Residents seek timeline for Cayuga landfill closure
Capacity increase could extend life of Brooks Road landfill by three or four years
Diane Manto has waited 18 years for the closure of Cayuga’s Brooks Road landfill, only to see the site’s lifespan extended through multiple capacity expansions.
A 50-year resident of the area, Manto said that while odour concerns have lessened over the past year, neighbours still encounter unpleasant smells.
“It’s mostly the wind that carries (the odour) and when there’s no wind, heavy fog and no movement, it just travels down the road and lays there,” Manto said during a March 7 public liaison committee meeting at the Cayuga Kinsmen Community Centre. “I know the difference between manure and what the dump smells like.”
Located in a rural area northeast of town, landfill operator Brooks Road Environmental is applying to increase the site’s capacity by approximately 219,400 cubic metres, through a combination of vertical and horizontal expansion, bringing the new maximum capacity to 375,000 cubic metres.

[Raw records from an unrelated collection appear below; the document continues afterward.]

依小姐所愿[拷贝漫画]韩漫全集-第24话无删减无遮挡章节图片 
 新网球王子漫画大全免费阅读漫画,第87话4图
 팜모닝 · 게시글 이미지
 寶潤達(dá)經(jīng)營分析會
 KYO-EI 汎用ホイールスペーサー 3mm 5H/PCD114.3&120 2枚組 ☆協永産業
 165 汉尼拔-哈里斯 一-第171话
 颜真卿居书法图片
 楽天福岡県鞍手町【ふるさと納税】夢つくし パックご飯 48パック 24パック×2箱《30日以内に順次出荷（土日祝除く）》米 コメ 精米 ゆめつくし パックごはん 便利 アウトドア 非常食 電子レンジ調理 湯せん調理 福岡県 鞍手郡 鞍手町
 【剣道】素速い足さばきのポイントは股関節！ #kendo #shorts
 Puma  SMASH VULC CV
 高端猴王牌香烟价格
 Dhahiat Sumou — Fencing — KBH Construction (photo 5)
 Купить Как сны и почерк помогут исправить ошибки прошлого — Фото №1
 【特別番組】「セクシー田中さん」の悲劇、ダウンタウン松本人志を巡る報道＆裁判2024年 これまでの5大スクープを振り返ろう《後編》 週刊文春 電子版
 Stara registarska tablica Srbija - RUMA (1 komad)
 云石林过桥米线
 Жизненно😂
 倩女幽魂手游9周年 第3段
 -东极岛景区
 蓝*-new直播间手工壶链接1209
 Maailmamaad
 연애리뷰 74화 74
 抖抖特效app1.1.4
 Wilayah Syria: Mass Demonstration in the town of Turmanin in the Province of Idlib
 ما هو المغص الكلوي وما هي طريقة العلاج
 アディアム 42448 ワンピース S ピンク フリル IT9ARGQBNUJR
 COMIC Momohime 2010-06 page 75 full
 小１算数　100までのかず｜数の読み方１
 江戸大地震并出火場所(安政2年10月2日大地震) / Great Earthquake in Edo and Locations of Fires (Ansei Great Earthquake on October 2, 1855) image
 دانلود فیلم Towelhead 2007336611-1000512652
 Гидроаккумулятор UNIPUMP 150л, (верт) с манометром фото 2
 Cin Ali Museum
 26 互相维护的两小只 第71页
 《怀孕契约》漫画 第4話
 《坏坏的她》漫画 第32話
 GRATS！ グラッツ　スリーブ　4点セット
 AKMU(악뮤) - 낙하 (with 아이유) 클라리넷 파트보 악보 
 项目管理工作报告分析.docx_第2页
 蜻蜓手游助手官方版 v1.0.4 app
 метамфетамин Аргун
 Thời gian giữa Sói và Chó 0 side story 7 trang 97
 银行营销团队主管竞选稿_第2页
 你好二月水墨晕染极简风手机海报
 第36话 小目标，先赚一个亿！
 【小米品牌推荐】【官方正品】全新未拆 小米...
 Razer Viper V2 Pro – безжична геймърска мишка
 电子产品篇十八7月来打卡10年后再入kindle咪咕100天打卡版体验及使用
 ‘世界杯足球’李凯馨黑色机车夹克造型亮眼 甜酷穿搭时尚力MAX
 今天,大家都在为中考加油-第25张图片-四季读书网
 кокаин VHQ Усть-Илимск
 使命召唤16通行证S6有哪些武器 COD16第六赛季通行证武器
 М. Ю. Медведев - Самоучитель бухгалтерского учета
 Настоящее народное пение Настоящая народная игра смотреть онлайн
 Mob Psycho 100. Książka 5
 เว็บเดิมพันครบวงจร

Ryan Loveday, project manager for consultant GHD environmental, told residents the landfill has about 38,000 cubic metres of remaining volume, enough to sustain it for three or four months. But Loveday noted the lifespan is also determined by the waste type and tonnage received. And if the landfill’s latest expansion effort is permitted, the site’s lifespan could be extended by another three to four years.
Loveday noted a final environmental screening report for the expansion is expected to be released later this month for a 60-day review. The step is required on the path toward environmental compliance approval from the Ministry of the Environment, Conservation and Parks.
Cayuga resident Richard Clark came to the meeting seeking a firm timeline for the dump’s closure.
“We want an end to this,” said Clark. “I don’t want to sit here with my house depressed in value for another 20 years, and smelling this crap every time I have my family over on a rainy day. We would like an answer …. When is the damn thing going to be closed and grassed over and people can get on with their lives?”
Tim Danyliw, project manager for Brooks Road Environmental, couldn’t provide an estimate for when the landfill might close, but said the decision is based on business and the provincial waste market.
“To be honest with you, I’m not the one who makes the decisions on this. That’s done well above my pay grade. That would just be done as a business decision and, unfortunately, I can’t just sit right here and give you an answer of ‘x’ amount of years,” Danyliw said at the meeting.
In a presentation earlier in the meeting, Danyliw acknowledged the site received odour complaints in 2020, prior to a vertical expansion that also changed the waste stream the facility accepts. The site has moved away from construction and demolition waste and currently accepts nonhazardous contaminated soil, Danyliw explained.
The dump received one complaint in 2022, but none in 2023, Danyliw added.
Danyliw said the site sends treated effluent to a Haldimand treatment plant and raw leachate to a licensed facility. Danyliw acknowledged it’s possible residents may be experiencing unpleasant odours while tanker trucks are being loaded with leachate.
“We are hauling a lot of raw leachate and while filling tankers, there is a potential for short leachate smells,” said Danyliw.
The Brooks Road landfill is currently approved to receive up to 1,000 tonnes of waste per day and 250,000 tonnes per year.